UPDATE: Messenger regulation bill needs amendments – ministries
(Adds expert comments in last three paragraphs)
MOSCOW, Jun 7 (PRIME) -- The Russian communications and economic ministries think that a bill on messenger regulation, earlier submitted to parliament, needs amendments in a second of three mandatory readings, the ministries’ officials said late on Tuesday.
Vasily Shipilov, deputy director of the Economic Development Ministry’s department of tariff regulation, said that the bill’s definition of a messenger could be applied to other programs, like Skype, involving video and audio calls.
“Such programs work without mobile connection, as they’re installed on desktops. I wonder how these programs could be understood in terms of the bill,” he said.
A group of deputies submitted the bill in May to strengthen control over messengers by obliging them to sign contracts with mobile operators to identify users.
Interrelations between messengers and mobile operators are not clear enough. Mobile operators could provide pay services to companies-developers and messenger operators, and expenses could be imposed on users.

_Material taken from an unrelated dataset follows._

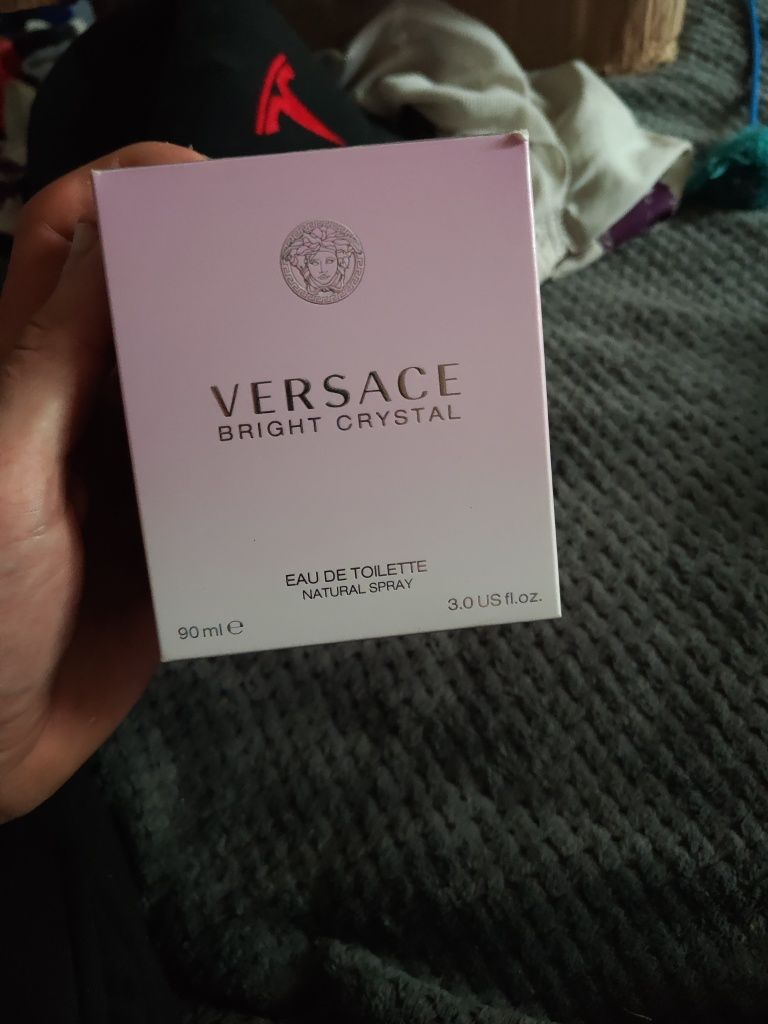 Sprzedam nowy perfum Versace bright crystal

“Let’s say, messengers could charge fees, just a token, but all the same,” the official said.
Deputy Communications and Mass Media Minister Dmitry Alkhazov said that if the identification is paid for, its procedure raises a lot of questions.

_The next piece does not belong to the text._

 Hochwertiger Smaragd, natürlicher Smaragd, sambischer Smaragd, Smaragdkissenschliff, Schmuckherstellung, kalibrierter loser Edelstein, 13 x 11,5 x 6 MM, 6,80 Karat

“The most important thing is that if we try to trace anonymous users of popular messengers with the help of the bill, we should remember that they could pass the same procedure with SIM cards of foreign operators. In this case, we won’t know anything, and threats won’t be tackled by the bill,” Alkhazov said.
To become law, the bill must be approved by the State Duma, the parliament’s lower house, in three readings, and by the Federation Council, the upper house, in one reading before being signed by the president.

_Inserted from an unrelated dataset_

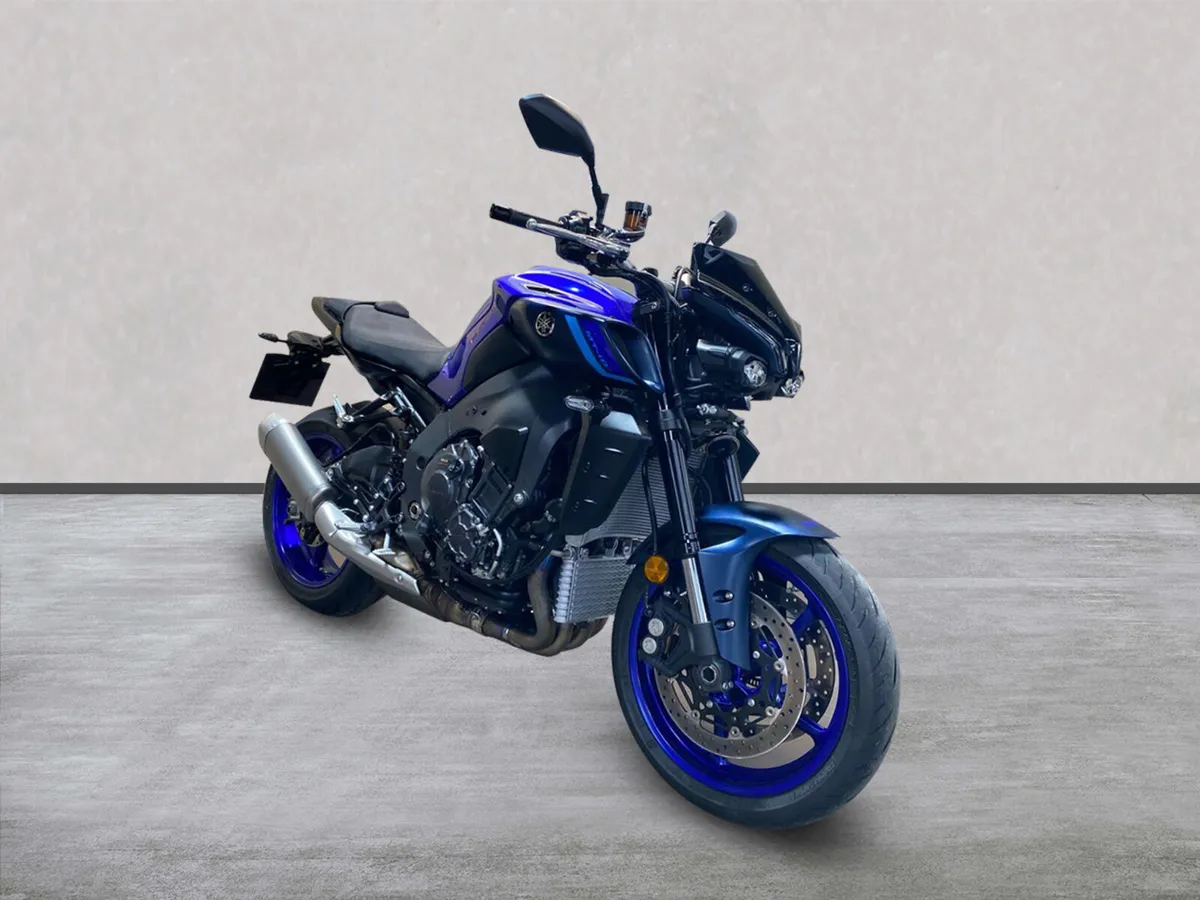 YAMAHA MT -10, May 25 Reg and 304 Miles - Image 3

Arseny Shcheltsin, director for project activities at the Internet Development Institute (IDI), said that it is too early to speak about pay messengers. “It depends on the government’s bylaws. We should remember that messengers now pay for SMS confirmations and system support while remaining free,” he said.
“On the basis of expert opinions, the IDI finds essential to refine the document: make definitions more precise, the identification clearer, along with additional issues necessary to implement the bill.”
The initiative should not become a burden for users and an unbearable task for messengers, the expert said.